● Work item
The exercise calls for the lines from the one containing "X0000101681308200807171402" to the end of the data below to be output exactly, pictures excluded.

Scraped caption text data

************

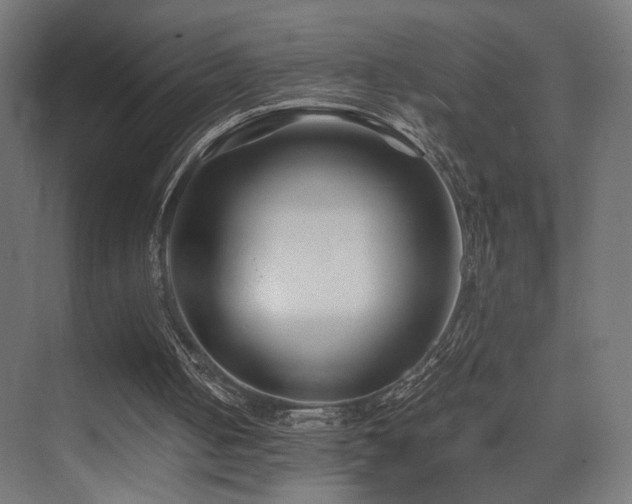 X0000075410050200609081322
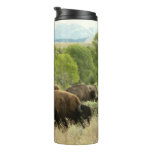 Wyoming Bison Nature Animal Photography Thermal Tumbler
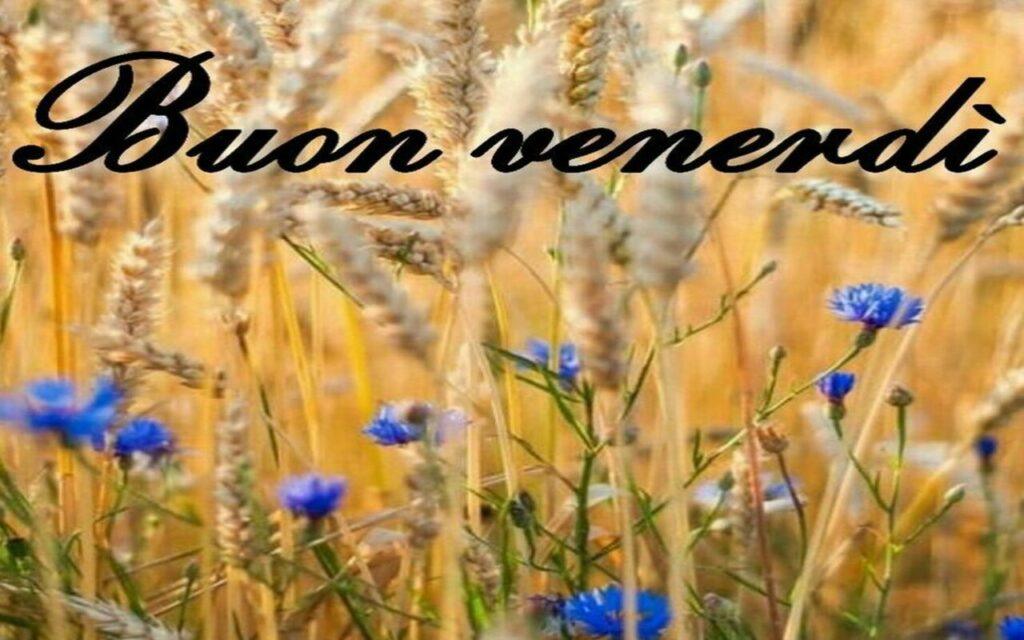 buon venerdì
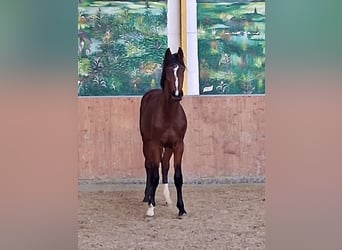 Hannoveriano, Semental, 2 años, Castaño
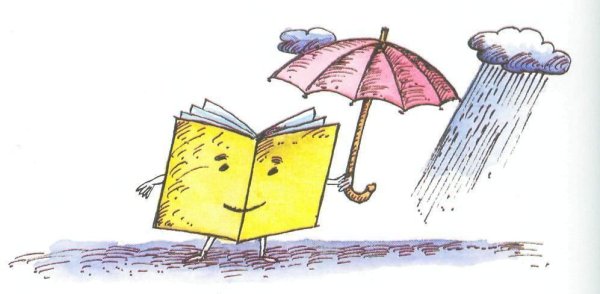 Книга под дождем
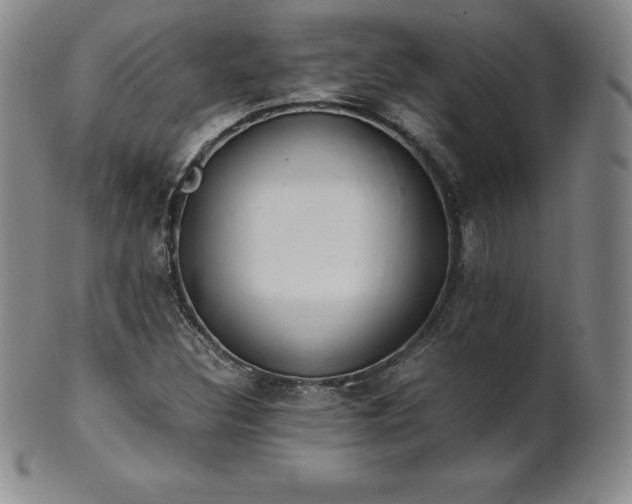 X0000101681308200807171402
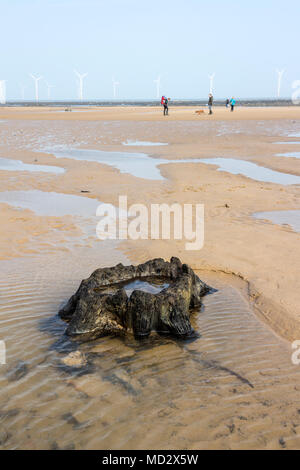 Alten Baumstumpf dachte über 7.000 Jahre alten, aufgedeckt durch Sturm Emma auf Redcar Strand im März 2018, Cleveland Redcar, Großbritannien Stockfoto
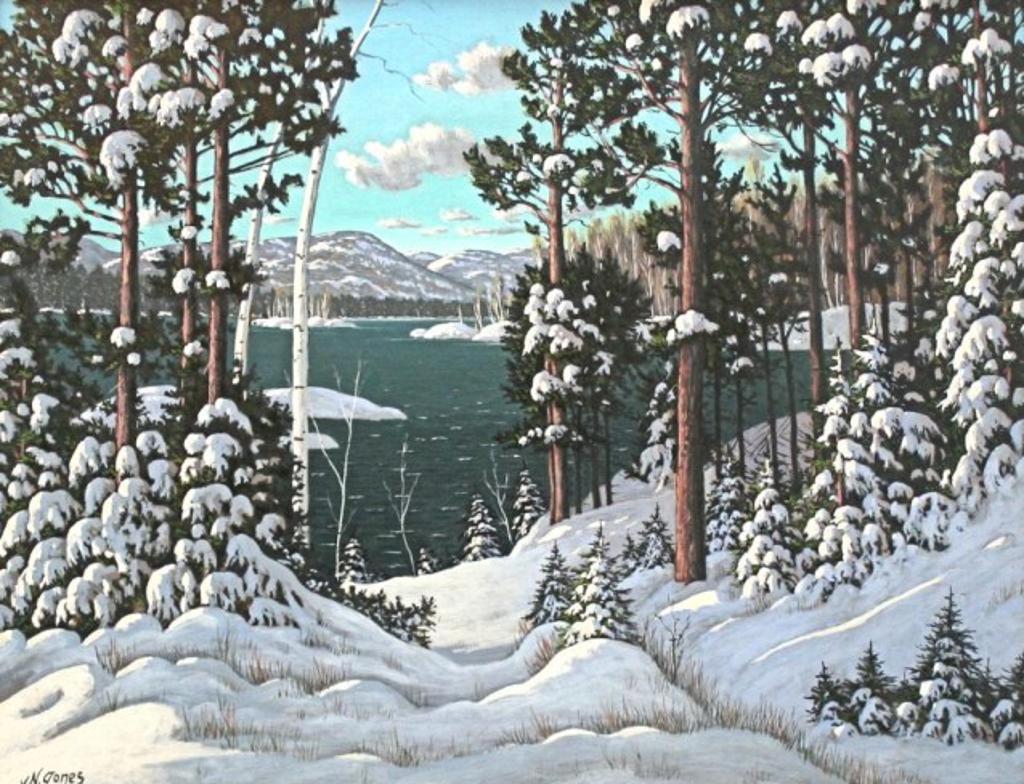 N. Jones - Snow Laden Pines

************

● Response to the exercise
 X0000101681308200807171402
 Alten Baumstumpf dachte über 7.000 Jahre alten, aufgedeckt durch Sturm Emma auf Redcar Strand im März 2018, Cleveland Redcar, Großbritannien Stockfoto
 N. Jones - Snow Laden Pines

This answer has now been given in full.